» **INPUT DATA**
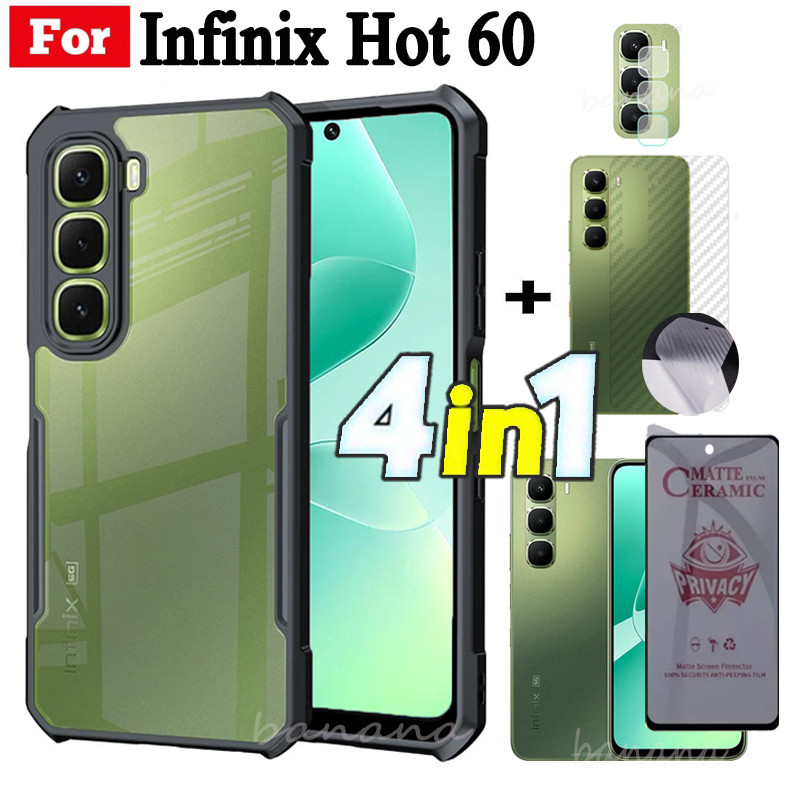 Ốp Điện Thoại Chống Sốc 4 Trong 1 Infinix Hot 60 Cho Infinix Hot 60i Bảo Vệ Toàn Diện Kính Cường Lực Bảo Vệ Màn Hình Và Phim Ống Kính Và Phim Mặt Sau
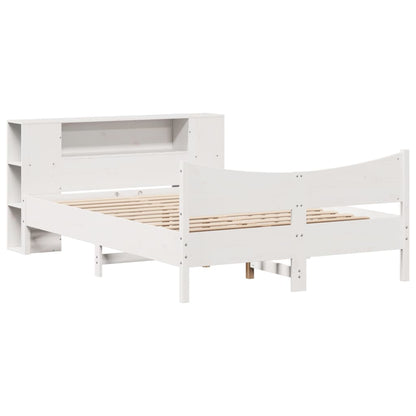 Bed Frame without Mattress White 150x200 cm King Size Solid Wood Pine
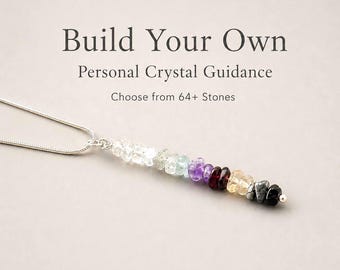 Build your own Custom Crystal Pendant gem bar necklace beaded bar necklace Sterling Silver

» **ACTION ITEM**
In the copy, include no pictures, but repeat the listing exactly.

» **ANSWER BOX**
 Ốp Điện Thoại Chống Sốc 4 Trong 1 Infinix Hot 60 Cho Infinix Hot 60i Bảo Vệ Toàn Diện Kính Cường Lực Bảo Vệ Màn Hình Và Phim Ống Kính Và Phim Mặt Sau
 Bed Frame without Mattress White 150x200 cm King Size Solid Wood Pine
 Build your own Custom Crystal Pendant gem bar necklace beaded bar necklace Sterling Silver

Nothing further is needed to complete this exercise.